HEFLIN — Nearly 200 runners and walkers, some clad in festive green, enjoyed a chilly Strides of March 5K here Saturday morning.
The 5K was part of an annual Irish-themed festival, known as St. Paddy’s on Main, which also included a color run, pet parade, food vendors and games for kids.
A strong, cold breeze greeted the runners and walkers as the horn told the crowded field to move out as fast as its collective legs could carry it.
Betty Brown, a walker, was clad in a green jacket, green hat adorned with a clover and a checkered green scarf.
“It feels good at 81, it’s good to be anywhere, something to be thankful for,” Brown said before the race.
The winner of the race, Kayd Hightower, 16, a sophomore at White Plains High School was glad to finish as he had recently recovered from an injury.
“I did good, it was my first race back from my hip injury, so pretty proud of it. I wanted to try to get under 20 minutes,” Hightower said. His time was 20:22 despite the relentless wind and small hills along the way.
Longtime runner Nancy Grace from Anniston said it was her 37th year to run. Her critique of the race looked at the positive side of grueling course.
“Well, it’s kind of tough, has a lot of hills but it was beautiful out in the country roads and around the lakes,” Grace said.
“I love it, the wind is really rough but I run a lot better in the cold weather than I do in the hot,” she said.
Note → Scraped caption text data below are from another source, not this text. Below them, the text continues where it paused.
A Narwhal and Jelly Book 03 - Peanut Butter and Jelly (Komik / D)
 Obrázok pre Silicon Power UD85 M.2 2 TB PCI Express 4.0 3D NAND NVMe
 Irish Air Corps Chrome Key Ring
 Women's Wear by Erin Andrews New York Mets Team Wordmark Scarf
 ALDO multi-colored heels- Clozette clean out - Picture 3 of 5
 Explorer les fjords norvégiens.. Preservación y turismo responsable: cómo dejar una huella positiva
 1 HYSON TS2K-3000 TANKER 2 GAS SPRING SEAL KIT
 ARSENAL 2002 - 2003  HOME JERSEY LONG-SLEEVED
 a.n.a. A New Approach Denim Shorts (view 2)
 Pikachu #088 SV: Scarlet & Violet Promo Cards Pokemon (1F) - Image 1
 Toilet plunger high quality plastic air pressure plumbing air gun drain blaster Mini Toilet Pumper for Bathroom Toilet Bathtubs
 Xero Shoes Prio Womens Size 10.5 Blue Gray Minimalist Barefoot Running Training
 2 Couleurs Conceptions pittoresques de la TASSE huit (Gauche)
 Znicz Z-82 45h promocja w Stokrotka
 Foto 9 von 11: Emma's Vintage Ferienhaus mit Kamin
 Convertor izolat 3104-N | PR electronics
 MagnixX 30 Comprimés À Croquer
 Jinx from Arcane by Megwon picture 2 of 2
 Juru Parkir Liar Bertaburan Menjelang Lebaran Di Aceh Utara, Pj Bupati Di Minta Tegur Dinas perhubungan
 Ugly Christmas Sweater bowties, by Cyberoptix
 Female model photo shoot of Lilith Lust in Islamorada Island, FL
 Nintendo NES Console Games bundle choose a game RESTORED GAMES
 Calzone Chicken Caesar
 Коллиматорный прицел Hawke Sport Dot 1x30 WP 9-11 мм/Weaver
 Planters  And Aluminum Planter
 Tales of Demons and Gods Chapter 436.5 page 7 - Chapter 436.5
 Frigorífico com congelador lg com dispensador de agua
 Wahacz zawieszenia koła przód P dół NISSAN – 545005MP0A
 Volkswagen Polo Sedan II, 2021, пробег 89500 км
Grace said she is looking forward to next month, when she will run in a 15K race on April 6, the day after she turns 80 years old.
Danny Henderson, 35, trotted over the finish line at the 24-minute mark wearing a green tutu and a T-shirt which read “Prone to Shenanigans.”
“It was enjoyable, plenty of looks,” Henderson said after the race.
After the awards were given out for the 5K, a colorful one-mile fun run was held. There were several stations where volunteers doused runners and walkers with copious amounts of colored powder which swirled about in the strong breeze.
Heflin City Clerk Shane Smith was one of the volunteers blasting participants with the sticky, multi-colored powder, but the tables were turned when several kids ambushed Smith, who temporarily disappeared into a cloud of turquoise.
“Loved seeing them all laugh and smile, that’s what this event is about to create community pride and just great fun,” Smith said.
The kids declared victory by raising their arms and laughing.
At noon a pet parade began behind City Hall and meandered along Ross Street. It featured more than 50 decorated pets, including at least one goat. Mayor Rudy Rooks was part of the procession, too.
“It’s so much better than last year. It’s a little bit cool, wind’s blowing but it’s not raining,” Rooks said.